In my opinion, one of the most articulate men I have ever heard speak.


----------



## LadyFlynt (Feb 21, 2005)

He is the one gentleman that I can stand listening to on a regular basis.


----------



## heartoflesh (Feb 21, 2005)

He is affiliated in some way with my denomination (Christian & Missionary Alliance). This is amazing, since they take such a middle-of-the-road position on so many things.

A.W Tozer is our other "big guy"-- possibly the most Calvinistic sounding Arminian you'll ever read.


----------



## SmokingFlax (Feb 21, 2005)

I just happened upon the end of a radio broadcast of Ravi debating some atheist guy (and a few other folks: a Hindoo and someone else (???)) yesterday afternoon. He sounded practically presup in his closing. He put his finger on the atheist's unworkable, meaningless and irrational worldview. 
It was nice, and he was very gracious.

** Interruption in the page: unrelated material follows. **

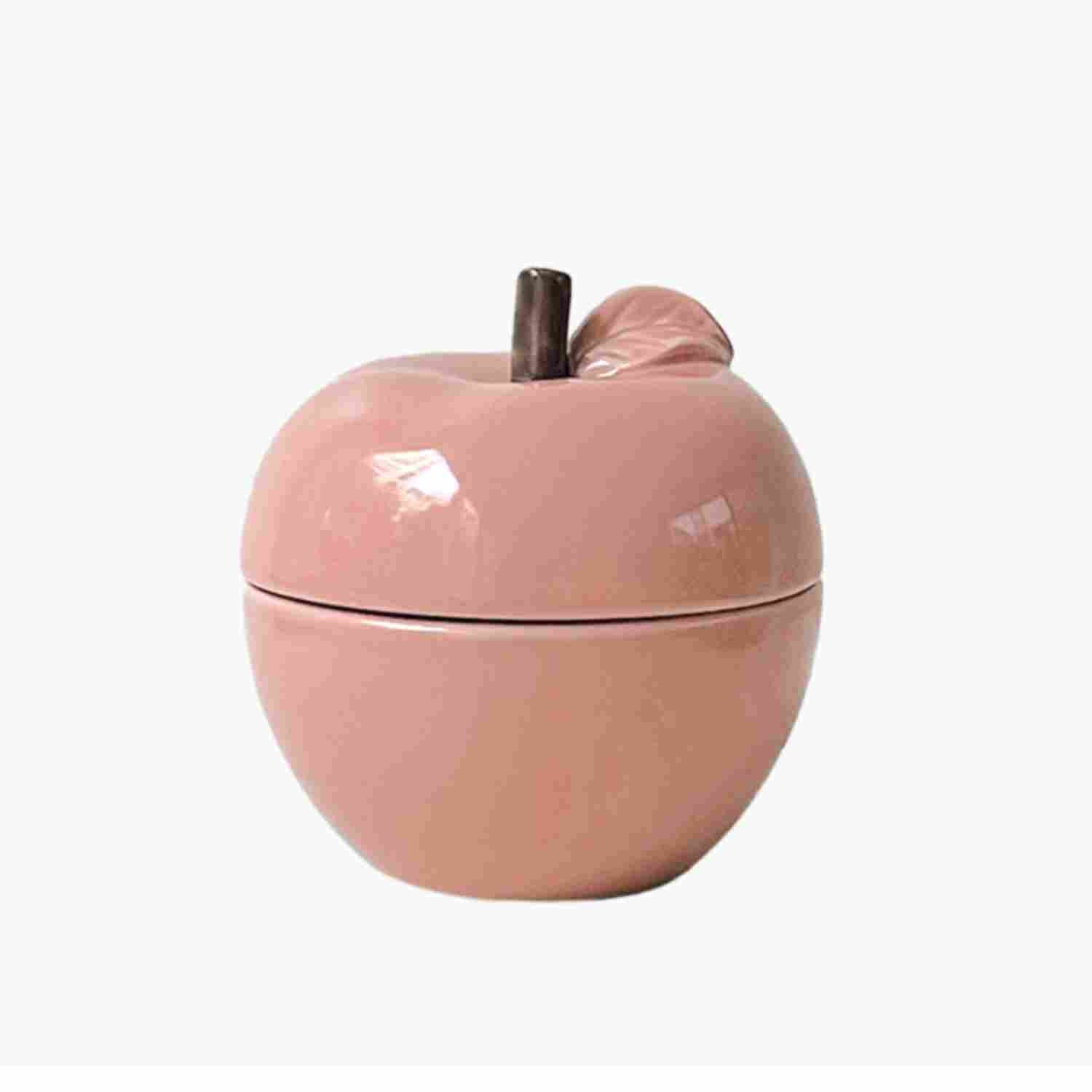 Bougie pomme en céramique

I have only heard him a handful of times but I always enjoyed listening.


----------



## Average Joey (Feb 21, 2005)

Here is a link to an archive to all of his radio broadcasts.You can stream or download them:

http://resources.christianity.com/ministries/rzim/main/searchItems.jhtml

Here is the official website:

http://www.rzim.org/index.php

[Edited on 2-21-2005 by Average Joey]


----------



## alwaysreforming (Feb 22, 2005)

I too love Ravi!
The guy is NEVER at a loss for words. He is articulate, eloquent, intelligent, poignant, and gracious....ALWAYS! That's a hard combination to beat!

Oh, yes, I almost left one out... "interesting."


----------



## Authorised (Feb 22, 2005)

Amen...I can't say anything bad about him.


Sometimes I can't tell whether he's Irish, Scottish or Indian!


(he's Indian...)


----------



## SolaScriptura (Feb 22, 2005)

Yes... and one time I was listening to him deliver a sermon and he offered practical tips on how to witness to new agers. Very helpful.


----------